*Data to process*.
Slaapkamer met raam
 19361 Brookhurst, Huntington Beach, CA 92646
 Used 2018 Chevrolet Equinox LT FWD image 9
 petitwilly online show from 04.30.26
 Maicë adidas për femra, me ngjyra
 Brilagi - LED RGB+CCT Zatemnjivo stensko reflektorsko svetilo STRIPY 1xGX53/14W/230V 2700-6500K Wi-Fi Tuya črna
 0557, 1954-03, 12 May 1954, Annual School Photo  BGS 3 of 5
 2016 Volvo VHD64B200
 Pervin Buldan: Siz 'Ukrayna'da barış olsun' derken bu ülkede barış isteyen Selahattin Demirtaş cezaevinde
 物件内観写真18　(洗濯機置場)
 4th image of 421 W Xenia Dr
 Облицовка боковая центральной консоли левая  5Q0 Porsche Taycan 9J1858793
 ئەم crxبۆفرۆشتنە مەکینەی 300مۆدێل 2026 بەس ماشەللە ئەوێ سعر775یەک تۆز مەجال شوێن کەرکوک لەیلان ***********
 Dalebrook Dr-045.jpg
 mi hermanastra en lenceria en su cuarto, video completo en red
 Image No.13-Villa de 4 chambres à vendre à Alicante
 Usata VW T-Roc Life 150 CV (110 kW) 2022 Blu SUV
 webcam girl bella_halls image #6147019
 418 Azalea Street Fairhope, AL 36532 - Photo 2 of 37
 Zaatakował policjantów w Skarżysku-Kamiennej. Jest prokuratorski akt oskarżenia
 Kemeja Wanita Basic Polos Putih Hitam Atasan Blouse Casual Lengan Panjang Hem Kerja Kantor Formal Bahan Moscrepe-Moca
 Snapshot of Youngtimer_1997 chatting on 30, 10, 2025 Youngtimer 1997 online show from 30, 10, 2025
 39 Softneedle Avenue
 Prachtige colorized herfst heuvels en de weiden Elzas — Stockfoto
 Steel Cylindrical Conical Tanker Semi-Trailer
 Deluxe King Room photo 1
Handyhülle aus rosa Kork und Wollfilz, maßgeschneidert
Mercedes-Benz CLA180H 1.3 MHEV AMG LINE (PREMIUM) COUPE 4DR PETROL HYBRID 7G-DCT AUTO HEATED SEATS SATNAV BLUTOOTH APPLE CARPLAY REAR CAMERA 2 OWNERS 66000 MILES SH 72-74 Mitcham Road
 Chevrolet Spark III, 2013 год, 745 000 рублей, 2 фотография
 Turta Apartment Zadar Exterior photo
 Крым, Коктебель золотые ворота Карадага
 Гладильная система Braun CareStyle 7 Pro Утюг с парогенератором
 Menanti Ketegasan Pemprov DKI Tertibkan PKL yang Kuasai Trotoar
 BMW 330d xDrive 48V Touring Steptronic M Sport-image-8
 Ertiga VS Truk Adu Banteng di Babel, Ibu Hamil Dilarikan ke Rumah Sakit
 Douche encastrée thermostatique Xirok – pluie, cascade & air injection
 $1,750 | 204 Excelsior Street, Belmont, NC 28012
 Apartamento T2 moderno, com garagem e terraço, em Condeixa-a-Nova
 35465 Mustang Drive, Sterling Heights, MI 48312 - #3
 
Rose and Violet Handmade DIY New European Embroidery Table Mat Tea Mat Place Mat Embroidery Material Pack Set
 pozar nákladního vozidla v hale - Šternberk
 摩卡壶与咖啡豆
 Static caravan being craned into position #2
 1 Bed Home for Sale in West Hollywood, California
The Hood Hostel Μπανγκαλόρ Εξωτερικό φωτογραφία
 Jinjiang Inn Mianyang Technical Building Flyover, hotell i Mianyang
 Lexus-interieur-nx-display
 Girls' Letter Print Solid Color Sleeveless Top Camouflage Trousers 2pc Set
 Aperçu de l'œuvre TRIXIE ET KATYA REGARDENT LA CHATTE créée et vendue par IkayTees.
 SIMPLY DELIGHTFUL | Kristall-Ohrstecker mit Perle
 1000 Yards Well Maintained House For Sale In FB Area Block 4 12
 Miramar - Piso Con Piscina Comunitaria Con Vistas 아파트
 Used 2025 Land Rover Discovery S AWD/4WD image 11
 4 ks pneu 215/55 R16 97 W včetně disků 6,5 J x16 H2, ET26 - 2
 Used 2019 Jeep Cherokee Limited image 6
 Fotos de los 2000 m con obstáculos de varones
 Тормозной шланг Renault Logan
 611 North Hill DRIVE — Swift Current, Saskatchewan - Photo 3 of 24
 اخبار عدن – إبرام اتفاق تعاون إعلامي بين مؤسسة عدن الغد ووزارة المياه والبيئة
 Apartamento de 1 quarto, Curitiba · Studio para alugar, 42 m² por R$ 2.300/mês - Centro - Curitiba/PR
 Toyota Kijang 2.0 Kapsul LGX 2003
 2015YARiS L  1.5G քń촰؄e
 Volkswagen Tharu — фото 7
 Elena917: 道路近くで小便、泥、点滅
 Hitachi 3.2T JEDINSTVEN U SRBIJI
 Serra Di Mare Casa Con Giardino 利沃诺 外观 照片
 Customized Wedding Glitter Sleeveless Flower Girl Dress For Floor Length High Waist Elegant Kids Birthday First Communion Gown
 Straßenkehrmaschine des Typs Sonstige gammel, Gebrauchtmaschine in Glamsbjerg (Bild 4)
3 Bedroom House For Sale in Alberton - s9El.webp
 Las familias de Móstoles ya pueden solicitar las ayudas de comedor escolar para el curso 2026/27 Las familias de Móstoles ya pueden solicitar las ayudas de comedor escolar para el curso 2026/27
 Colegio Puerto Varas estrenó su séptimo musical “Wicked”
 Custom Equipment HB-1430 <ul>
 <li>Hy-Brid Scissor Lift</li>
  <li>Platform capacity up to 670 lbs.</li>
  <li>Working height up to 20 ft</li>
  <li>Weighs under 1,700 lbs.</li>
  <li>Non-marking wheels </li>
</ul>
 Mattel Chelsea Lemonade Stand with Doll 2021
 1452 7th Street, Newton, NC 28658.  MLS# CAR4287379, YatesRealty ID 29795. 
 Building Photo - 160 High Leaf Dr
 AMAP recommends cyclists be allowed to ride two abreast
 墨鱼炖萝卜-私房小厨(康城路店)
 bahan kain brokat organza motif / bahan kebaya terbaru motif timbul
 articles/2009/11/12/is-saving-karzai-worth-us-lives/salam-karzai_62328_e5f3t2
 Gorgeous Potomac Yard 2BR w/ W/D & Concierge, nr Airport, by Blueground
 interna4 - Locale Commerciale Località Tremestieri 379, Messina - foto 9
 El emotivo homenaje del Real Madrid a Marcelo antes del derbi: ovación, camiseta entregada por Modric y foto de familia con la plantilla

*Exercise details*. All lines above in which the word "House" occurs should be identified and copied.

*Response to the task*.
 1000 Yards Well Maintained House For Sale In FB Area Block 4 12
3 Bedroom House For Sale in Alberton - s9El.webp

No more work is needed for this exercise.